▶ _DATASET RECORDS_:
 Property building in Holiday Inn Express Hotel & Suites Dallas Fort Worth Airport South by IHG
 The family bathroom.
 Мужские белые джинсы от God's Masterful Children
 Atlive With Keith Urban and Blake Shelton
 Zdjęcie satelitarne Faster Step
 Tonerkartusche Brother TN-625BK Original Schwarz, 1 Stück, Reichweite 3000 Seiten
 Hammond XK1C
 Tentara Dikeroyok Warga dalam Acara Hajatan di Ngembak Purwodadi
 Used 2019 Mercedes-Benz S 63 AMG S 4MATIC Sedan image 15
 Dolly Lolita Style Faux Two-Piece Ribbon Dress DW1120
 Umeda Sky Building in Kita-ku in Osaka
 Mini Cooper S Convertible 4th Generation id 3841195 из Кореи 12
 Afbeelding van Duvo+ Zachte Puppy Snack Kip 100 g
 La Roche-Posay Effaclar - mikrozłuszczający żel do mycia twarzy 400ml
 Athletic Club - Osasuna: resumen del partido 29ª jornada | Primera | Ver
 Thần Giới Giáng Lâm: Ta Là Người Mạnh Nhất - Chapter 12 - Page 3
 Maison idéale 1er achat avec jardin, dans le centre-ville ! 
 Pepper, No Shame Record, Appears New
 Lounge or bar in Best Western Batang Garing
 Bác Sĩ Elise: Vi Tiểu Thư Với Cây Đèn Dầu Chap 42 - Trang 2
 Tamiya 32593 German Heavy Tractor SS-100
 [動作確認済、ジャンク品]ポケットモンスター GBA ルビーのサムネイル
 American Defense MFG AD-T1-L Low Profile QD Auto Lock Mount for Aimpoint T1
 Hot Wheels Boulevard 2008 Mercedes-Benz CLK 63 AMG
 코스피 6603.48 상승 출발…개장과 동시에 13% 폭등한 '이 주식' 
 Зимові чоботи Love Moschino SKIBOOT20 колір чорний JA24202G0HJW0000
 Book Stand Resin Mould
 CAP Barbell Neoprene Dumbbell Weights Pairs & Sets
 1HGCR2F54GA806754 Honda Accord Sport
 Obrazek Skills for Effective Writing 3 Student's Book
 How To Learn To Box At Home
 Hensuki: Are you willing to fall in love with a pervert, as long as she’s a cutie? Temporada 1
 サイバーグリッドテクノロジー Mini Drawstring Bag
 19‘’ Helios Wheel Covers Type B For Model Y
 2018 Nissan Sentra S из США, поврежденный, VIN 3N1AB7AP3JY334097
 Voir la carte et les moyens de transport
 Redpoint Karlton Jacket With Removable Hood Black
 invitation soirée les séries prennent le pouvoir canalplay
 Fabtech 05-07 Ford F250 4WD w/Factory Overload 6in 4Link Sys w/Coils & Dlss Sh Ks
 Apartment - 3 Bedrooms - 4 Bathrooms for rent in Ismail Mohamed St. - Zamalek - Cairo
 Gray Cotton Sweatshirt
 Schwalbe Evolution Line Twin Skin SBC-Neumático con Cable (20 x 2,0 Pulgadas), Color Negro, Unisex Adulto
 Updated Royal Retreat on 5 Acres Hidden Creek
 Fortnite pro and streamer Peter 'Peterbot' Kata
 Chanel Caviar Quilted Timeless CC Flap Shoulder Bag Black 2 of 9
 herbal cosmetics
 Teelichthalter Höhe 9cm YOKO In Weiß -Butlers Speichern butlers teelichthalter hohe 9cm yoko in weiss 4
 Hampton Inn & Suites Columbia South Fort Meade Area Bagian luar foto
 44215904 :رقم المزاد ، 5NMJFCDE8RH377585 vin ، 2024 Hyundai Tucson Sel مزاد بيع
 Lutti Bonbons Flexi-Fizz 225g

▶ _WHAT THE TASK ASKS_: Using the entries above, tally how many lines have the word "Suites" in them; write the number and nothing more.

▶ _TASK SOLUTION_: 2